▸ Dataset excerpts:

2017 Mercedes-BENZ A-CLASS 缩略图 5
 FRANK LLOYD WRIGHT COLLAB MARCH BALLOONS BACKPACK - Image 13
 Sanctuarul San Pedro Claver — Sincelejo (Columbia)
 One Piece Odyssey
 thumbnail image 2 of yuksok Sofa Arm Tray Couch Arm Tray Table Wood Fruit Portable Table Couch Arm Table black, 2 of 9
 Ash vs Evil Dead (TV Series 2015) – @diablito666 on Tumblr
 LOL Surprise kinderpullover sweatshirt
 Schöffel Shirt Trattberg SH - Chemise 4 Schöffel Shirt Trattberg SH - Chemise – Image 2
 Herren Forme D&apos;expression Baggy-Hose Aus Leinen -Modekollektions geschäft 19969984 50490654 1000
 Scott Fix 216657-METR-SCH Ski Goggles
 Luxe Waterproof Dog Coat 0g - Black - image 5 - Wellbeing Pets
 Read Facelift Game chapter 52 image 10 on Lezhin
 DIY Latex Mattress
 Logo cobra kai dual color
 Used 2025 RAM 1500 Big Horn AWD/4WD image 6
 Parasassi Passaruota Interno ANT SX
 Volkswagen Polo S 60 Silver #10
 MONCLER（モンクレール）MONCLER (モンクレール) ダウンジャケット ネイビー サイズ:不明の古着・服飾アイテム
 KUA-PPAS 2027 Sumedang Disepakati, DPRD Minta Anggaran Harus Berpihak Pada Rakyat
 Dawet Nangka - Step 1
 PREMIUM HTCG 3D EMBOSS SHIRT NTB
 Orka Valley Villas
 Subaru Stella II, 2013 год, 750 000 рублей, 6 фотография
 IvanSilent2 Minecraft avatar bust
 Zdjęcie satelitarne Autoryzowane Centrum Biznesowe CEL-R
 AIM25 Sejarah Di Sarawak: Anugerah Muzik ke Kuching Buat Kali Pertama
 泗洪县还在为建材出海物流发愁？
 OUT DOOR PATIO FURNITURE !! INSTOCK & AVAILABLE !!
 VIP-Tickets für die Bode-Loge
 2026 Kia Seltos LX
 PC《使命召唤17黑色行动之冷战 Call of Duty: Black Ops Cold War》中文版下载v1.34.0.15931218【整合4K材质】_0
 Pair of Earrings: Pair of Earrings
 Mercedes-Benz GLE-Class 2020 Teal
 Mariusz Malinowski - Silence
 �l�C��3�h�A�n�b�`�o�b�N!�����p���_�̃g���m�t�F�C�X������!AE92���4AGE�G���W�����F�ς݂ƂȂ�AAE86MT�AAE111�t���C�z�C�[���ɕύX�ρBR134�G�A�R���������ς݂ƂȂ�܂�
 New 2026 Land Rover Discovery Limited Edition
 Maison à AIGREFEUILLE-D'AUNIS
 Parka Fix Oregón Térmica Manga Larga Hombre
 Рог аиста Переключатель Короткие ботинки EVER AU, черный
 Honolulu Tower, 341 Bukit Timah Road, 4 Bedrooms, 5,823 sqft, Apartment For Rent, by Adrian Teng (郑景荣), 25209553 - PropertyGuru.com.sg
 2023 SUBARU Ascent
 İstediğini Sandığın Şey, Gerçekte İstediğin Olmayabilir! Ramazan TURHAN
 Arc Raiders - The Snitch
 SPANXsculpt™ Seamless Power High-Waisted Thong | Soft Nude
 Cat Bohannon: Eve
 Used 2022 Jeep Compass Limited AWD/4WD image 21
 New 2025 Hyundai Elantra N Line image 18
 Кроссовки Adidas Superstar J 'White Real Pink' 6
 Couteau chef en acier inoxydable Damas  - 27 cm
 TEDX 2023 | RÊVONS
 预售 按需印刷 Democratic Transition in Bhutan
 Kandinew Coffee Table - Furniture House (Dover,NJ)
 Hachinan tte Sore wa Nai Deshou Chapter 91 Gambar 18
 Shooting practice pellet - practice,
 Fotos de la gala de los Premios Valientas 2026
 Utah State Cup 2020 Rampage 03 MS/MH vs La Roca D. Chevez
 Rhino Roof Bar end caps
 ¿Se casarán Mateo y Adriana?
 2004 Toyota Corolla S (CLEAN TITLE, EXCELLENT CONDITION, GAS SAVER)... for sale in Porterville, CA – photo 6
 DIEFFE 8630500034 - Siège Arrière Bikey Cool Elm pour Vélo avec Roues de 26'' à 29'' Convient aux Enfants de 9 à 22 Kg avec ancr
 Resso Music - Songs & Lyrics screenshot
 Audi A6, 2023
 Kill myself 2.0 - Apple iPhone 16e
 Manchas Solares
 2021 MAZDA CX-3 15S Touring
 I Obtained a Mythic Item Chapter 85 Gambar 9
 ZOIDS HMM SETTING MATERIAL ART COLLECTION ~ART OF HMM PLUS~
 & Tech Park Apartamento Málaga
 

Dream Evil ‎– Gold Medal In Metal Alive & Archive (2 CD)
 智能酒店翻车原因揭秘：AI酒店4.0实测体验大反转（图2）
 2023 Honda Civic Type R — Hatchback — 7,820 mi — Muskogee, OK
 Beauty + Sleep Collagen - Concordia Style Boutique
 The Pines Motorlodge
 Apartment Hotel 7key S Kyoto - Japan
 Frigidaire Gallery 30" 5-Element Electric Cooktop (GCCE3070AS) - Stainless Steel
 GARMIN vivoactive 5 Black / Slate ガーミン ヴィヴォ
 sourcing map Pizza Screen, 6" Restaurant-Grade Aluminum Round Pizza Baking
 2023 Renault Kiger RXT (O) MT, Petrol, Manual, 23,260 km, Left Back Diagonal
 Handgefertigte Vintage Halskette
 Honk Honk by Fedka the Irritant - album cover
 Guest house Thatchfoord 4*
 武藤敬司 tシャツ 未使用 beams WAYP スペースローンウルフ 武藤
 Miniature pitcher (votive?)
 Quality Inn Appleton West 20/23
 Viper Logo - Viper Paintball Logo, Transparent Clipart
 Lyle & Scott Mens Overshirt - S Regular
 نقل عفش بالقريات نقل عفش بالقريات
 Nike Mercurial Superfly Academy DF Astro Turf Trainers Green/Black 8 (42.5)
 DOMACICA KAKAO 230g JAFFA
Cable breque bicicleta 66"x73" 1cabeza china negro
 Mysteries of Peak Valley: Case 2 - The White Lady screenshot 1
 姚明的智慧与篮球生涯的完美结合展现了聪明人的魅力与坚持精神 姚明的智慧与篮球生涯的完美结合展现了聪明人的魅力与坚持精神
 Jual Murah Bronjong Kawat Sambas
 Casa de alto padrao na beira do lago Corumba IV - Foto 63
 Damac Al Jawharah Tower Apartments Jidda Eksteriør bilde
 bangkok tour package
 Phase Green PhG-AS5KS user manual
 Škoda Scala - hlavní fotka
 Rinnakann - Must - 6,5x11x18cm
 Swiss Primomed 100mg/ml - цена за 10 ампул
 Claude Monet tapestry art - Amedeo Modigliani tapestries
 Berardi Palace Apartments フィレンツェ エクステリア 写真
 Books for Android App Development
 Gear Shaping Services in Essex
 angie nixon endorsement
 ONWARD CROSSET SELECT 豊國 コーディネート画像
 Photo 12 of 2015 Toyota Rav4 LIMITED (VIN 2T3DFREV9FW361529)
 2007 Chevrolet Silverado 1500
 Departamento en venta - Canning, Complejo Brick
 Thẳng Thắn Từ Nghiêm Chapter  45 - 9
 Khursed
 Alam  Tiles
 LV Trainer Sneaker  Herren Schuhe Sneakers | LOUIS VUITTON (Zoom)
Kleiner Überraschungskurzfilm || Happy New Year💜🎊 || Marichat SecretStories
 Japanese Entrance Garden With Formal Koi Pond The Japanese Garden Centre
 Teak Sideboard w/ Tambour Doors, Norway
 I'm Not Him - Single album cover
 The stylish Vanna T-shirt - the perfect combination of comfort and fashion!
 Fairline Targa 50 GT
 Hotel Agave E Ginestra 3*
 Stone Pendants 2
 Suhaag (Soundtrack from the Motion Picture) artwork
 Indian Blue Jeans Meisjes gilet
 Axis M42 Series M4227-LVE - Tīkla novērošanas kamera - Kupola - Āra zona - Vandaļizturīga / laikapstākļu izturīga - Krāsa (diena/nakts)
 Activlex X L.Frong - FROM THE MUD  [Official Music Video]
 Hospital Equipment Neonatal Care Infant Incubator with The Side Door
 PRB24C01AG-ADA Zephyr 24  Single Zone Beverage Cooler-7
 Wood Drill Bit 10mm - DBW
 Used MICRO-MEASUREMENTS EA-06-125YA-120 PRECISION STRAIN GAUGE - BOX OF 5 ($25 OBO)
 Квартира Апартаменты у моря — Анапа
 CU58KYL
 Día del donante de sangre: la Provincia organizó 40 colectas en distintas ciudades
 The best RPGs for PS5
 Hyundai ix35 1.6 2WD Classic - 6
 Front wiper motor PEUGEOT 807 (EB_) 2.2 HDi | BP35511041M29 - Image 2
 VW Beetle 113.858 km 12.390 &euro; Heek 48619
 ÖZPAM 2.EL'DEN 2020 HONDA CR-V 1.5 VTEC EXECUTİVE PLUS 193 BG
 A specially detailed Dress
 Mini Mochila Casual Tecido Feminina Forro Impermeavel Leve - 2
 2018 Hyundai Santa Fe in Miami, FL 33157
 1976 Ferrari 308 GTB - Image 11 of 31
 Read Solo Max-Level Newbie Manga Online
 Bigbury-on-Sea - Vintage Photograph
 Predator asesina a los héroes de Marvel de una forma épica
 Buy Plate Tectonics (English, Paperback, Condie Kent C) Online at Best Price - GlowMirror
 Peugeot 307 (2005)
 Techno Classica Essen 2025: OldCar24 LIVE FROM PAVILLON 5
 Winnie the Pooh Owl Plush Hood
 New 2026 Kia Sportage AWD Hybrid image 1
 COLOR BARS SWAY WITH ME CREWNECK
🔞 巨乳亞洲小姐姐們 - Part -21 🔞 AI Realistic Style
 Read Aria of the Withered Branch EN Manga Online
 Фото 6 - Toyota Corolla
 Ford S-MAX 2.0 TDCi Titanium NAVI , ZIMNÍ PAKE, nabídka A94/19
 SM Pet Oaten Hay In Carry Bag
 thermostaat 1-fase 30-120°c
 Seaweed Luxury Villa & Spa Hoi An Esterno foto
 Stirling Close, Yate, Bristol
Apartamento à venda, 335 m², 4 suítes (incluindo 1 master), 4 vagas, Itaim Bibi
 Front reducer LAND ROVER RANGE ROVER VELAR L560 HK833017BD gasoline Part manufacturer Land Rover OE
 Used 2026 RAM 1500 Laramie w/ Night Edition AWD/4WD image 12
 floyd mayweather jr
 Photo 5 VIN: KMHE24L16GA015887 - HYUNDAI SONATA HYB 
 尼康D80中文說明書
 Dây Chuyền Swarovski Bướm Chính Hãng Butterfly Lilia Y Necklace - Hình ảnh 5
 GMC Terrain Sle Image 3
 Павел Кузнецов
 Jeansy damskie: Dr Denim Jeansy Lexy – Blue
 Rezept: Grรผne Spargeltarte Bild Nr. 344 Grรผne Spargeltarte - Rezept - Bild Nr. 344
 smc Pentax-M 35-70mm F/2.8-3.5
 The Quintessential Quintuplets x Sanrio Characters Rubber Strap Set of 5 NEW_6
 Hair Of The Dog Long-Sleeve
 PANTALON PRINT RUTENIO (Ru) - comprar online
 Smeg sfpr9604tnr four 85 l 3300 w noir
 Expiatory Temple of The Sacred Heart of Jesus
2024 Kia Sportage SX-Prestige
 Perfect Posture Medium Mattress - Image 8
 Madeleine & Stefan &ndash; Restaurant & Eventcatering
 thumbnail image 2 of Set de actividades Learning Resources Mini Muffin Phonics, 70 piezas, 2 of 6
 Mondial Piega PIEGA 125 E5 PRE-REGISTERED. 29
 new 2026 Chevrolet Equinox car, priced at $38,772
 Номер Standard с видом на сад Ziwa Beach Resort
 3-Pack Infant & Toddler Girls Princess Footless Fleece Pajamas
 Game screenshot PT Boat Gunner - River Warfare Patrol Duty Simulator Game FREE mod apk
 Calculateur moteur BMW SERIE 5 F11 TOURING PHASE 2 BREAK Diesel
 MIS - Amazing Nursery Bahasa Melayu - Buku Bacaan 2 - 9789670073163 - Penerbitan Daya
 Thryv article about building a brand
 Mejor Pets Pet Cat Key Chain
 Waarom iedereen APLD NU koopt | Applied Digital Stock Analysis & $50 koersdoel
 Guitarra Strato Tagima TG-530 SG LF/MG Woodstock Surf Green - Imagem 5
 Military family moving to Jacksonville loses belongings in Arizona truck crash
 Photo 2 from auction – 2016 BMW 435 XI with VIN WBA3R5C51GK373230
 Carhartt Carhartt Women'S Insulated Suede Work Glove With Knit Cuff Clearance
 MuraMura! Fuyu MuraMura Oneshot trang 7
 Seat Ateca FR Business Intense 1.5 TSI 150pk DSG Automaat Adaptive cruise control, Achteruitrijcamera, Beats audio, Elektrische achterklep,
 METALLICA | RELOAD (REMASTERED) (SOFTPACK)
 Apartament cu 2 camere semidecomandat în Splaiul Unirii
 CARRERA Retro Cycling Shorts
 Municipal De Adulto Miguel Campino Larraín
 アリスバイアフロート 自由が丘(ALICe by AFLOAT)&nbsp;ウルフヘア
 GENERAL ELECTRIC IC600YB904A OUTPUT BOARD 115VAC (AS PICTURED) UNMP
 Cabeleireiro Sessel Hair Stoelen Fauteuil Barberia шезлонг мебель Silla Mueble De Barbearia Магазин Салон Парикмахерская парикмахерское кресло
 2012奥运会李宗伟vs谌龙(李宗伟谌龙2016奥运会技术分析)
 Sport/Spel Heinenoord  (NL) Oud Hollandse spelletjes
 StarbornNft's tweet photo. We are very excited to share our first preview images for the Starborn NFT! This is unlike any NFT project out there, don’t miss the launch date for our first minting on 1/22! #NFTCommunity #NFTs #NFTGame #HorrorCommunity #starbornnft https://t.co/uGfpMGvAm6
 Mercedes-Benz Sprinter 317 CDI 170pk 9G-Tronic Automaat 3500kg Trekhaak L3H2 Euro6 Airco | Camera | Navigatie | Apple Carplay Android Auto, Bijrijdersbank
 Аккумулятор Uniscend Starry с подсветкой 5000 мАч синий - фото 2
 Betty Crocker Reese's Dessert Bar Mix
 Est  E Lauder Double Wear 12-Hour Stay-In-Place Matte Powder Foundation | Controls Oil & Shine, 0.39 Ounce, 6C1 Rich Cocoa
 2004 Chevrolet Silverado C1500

▸ Task directions: In your answer, include only the lines above starting at the line that holds "Smeg sfpr9604tnr four 85 l 3300 w noir" and ending at the line that holds "Oud Hollandse spelletjes", copied exactly.

▸ Task result:
 Smeg sfpr9604tnr four 85 l 3300 w noir
 Expiatory Temple of The Sacred Heart of Jesus
2024 Kia Sportage SX-Prestige
 Perfect Posture Medium Mattress - Image 8
 Madeleine & Stefan &ndash; Restaurant & Eventcatering
 thumbnail image 2 of Set de actividades Learning Resources Mini Muffin Phonics, 70 piezas, 2 of 6
 Mondial Piega PIEGA 125 E5 PRE-REGISTERED. 29
 new 2026 Chevrolet Equinox car, priced at $38,772
 Номер Standard с видом на сад Ziwa Beach Resort
 3-Pack Infant & Toddler Girls Princess Footless Fleece Pajamas
 Game screenshot PT Boat Gunner - River Warfare Patrol Duty Simulator Game FREE mod apk
 Calculateur moteur BMW SERIE 5 F11 TOURING PHASE 2 BREAK Diesel
 MIS - Amazing Nursery Bahasa Melayu - Buku Bacaan 2 - 9789670073163 - Penerbitan Daya
 Thryv article about building a brand
 Mejor Pets Pet Cat Key Chain
 Waarom iedereen APLD NU koopt | Applied Digital Stock Analysis & $50 koersdoel
 Guitarra Strato Tagima TG-530 SG LF/MG Woodstock Surf Green - Imagem 5
 Military family moving to Jacksonville loses belongings in Arizona truck crash
 Photo 2 from auction – 2016 BMW 435 XI with VIN WBA3R5C51GK373230
 Carhartt Carhartt Women'S Insulated Suede Work Glove With Knit Cuff Clearance
 MuraMura! Fuyu MuraMura Oneshot trang 7
 Seat Ateca FR Business Intense 1.5 TSI 150pk DSG Automaat Adaptive cruise control, Achteruitrijcamera, Beats audio, Elektrische achterklep,
 METALLICA | RELOAD (REMASTERED) (SOFTPACK)
 Apartament cu 2 camere semidecomandat în Splaiul Unirii
 CARRERA Retro Cycling Shorts
 Municipal De Adulto Miguel Campino Larraín
 アリスバイアフロート 自由が丘(ALICe by AFLOAT)&nbsp;ウルフヘア
 GENERAL ELECTRIC IC600YB904A OUTPUT BOARD 115VAC (AS PICTURED) UNMP
 Cabeleireiro Sessel Hair Stoelen Fauteuil Barberia шезлонг мебель Silla Mueble De Barbearia Магазин Салон Парикмахерская парикмахерское кресло
 2012奥运会李宗伟vs谌龙(李宗伟谌龙2016奥运会技术分析)
 Sport/Spel Heinenoord  (NL) Oud Hollandse spelletjes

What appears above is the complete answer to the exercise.